### EXERCISE DIRECTIONS
Apart from the pictures, every part of the records below gets retyped exactly.

### Short descriptive text snippets
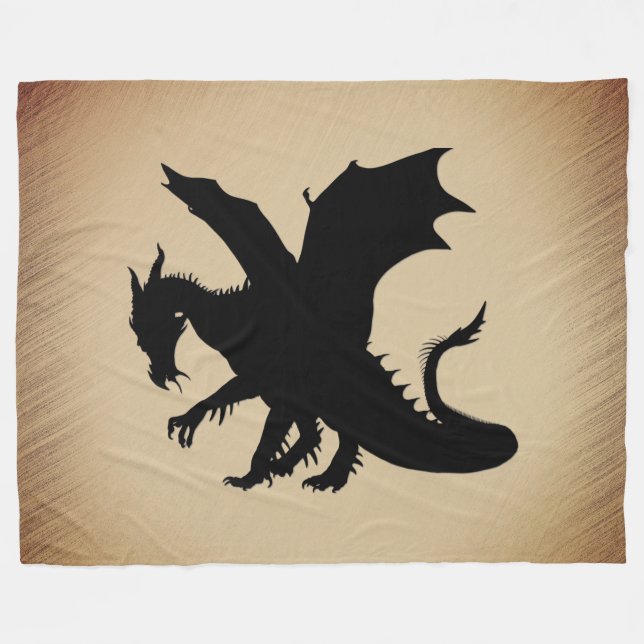 Schwarzer Drache rustikaler Hintergrund Fleecedecke (Vorderseite (Horizontal))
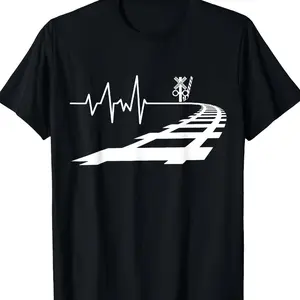 Railroad Heartbeat Train Lover Graphic T-Shirt, Railway Enthusiast Fashion Outfit, Cotton Train Fan Tee, Casual Railroad Shirt, Ideal Gift for Train Lovers, Railroad Worker Present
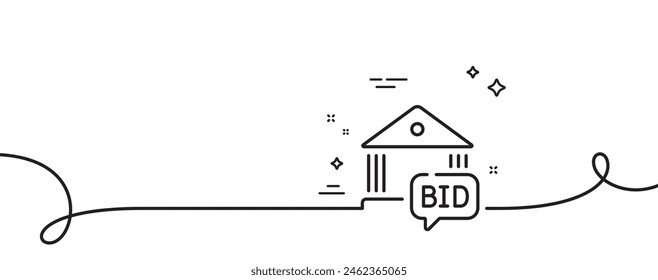 Bid offer line icon. Continuous one line with curl. Auction sign. Raise the price up symbol. Bid offer single outline ribbon. Loop curve pattern. Vector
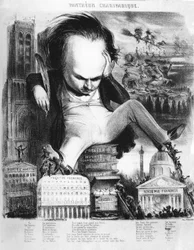Victor Hugo (1802-1885), francia író, Benjamin karikatúrája.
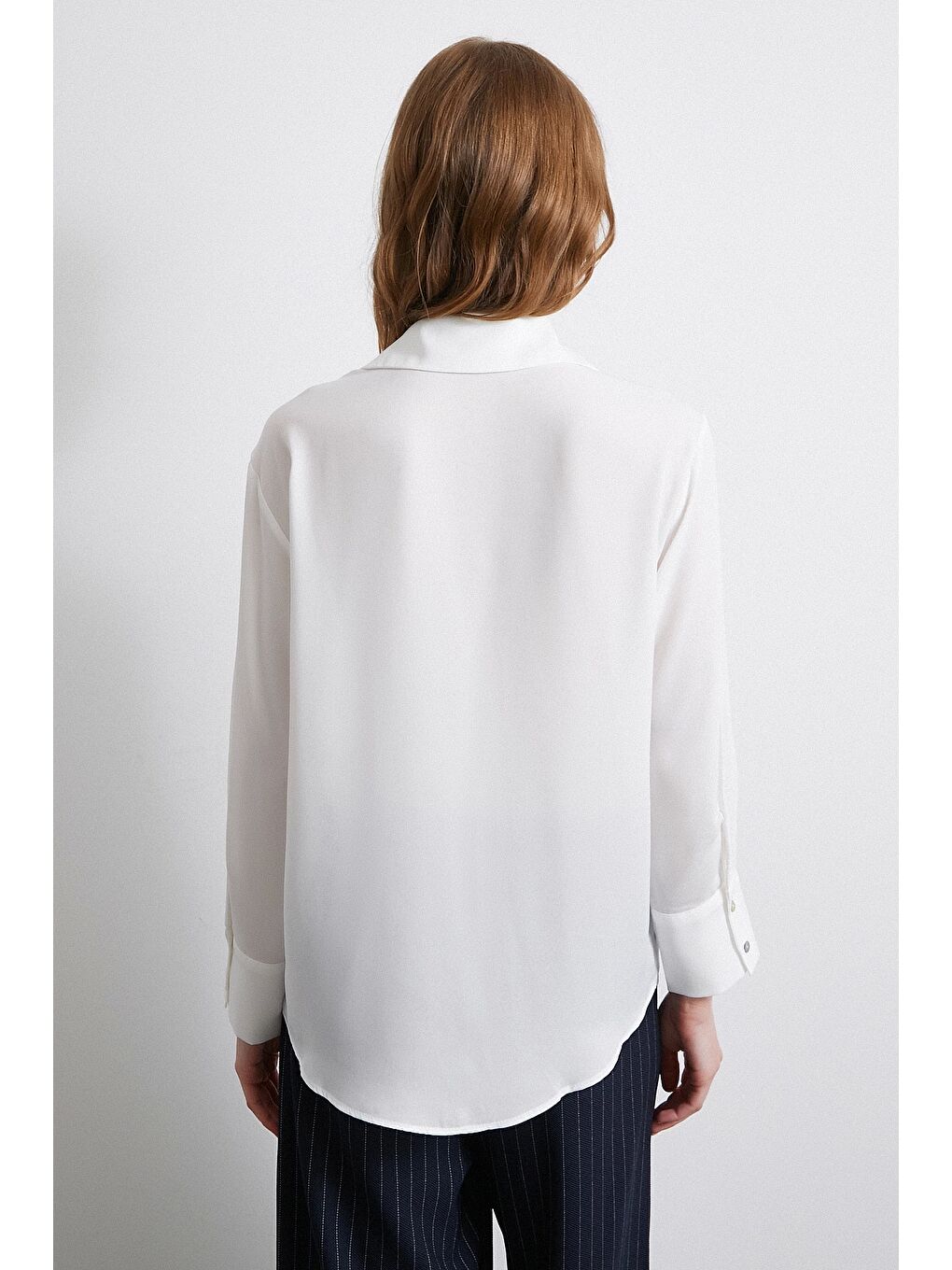 V Yaka Saten Gömlek Ekru-2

### RESPONSE
 Schwarzer Drache rustikaler Hintergrund Fleecedecke (Vorderseite (Horizontal))
 Railroad Heartbeat Train Lover Graphic T-Shirt, Railway Enthusiast Fashion Outfit, Cotton Train Fan Tee, Casual Railroad Shirt, Ideal Gift for Train Lovers, Railroad Worker Present
 Bid offer line icon. Continuous one line with curl. Auction sign. Raise the price up symbol. Bid offer single outline ribbon. Loop curve pattern. Vector
Victor Hugo (1802-1885), francia író, Benjamin karikatúrája.
 V Yaka Saten Gömlek Ekru-2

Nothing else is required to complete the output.